**WHAT TO PRODUCE**
Only one number is wanted here: how many lines of the data hold "World".
─── SOURCE MATERIAL ───
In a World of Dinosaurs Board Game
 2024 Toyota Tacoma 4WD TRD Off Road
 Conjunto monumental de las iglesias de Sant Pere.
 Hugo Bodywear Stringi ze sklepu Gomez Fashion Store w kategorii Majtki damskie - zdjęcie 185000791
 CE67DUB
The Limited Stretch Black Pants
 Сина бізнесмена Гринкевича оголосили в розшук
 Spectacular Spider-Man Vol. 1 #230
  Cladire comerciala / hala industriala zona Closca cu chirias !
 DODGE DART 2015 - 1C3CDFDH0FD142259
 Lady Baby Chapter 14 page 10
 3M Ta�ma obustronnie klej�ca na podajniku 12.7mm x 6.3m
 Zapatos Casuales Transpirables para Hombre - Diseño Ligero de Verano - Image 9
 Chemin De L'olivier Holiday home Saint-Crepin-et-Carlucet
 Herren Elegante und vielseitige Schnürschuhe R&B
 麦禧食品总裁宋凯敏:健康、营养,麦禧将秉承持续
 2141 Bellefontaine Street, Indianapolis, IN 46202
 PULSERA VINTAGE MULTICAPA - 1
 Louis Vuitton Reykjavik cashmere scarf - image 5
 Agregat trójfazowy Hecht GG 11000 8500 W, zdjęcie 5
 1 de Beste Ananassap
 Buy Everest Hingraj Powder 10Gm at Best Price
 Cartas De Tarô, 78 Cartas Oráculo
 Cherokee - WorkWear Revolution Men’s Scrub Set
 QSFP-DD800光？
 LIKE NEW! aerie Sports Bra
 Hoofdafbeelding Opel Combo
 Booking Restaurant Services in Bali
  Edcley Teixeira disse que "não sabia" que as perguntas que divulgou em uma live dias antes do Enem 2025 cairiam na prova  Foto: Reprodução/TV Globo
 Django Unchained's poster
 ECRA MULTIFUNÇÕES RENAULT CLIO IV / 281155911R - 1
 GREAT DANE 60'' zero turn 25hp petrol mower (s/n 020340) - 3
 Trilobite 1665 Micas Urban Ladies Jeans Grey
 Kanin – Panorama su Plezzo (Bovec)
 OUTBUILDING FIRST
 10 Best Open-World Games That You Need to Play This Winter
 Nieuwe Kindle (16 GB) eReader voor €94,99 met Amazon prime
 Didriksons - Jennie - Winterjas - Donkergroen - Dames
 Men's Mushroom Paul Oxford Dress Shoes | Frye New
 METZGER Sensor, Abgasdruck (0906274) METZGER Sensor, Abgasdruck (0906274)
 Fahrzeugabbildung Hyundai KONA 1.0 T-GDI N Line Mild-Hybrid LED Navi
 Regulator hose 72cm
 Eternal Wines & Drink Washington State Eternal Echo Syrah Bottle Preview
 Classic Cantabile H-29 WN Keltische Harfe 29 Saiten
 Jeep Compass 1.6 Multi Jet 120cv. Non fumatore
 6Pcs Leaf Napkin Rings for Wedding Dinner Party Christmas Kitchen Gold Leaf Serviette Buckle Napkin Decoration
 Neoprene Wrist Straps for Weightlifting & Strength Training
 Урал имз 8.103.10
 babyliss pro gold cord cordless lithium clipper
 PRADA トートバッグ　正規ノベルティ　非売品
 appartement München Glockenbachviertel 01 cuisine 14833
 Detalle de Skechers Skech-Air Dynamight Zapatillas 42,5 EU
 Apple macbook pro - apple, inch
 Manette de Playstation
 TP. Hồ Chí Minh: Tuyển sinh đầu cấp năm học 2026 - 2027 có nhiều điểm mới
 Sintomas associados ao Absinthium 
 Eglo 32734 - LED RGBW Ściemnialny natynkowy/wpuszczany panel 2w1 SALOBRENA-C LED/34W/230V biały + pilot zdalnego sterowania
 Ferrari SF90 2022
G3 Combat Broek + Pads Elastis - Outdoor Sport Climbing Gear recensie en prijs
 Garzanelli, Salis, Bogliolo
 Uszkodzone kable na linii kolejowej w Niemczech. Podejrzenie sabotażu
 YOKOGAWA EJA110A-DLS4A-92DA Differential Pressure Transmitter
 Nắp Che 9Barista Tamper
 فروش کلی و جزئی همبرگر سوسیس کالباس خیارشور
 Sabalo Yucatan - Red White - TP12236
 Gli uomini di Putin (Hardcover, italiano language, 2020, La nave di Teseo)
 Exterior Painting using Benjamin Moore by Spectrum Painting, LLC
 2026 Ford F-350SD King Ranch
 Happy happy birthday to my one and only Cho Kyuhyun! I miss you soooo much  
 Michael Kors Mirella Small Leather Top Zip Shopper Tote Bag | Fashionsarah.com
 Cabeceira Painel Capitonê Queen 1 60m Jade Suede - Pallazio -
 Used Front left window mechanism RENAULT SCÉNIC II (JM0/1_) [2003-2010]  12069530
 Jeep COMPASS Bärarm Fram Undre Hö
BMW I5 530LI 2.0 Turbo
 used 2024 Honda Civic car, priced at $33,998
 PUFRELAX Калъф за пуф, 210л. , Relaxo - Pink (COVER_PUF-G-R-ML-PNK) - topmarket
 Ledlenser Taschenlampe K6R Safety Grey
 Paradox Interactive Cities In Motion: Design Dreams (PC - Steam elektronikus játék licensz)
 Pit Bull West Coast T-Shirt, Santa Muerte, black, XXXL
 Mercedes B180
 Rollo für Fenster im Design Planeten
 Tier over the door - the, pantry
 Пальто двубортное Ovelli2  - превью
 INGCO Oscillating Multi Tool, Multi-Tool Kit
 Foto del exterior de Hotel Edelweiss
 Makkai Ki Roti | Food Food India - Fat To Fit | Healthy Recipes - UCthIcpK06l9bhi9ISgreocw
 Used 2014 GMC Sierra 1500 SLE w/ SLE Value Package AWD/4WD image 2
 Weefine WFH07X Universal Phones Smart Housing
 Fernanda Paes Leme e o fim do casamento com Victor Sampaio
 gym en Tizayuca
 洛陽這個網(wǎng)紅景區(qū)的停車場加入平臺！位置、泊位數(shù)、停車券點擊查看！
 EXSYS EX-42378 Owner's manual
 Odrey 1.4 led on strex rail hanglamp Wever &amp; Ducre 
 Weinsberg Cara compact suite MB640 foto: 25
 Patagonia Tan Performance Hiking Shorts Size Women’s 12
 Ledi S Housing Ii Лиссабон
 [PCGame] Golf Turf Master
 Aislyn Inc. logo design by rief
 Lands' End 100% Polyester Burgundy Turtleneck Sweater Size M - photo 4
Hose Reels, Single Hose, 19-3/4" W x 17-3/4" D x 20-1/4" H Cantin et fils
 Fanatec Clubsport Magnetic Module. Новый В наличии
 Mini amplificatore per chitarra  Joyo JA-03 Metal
───
**OUTPUT OF THE EXERCISE**
2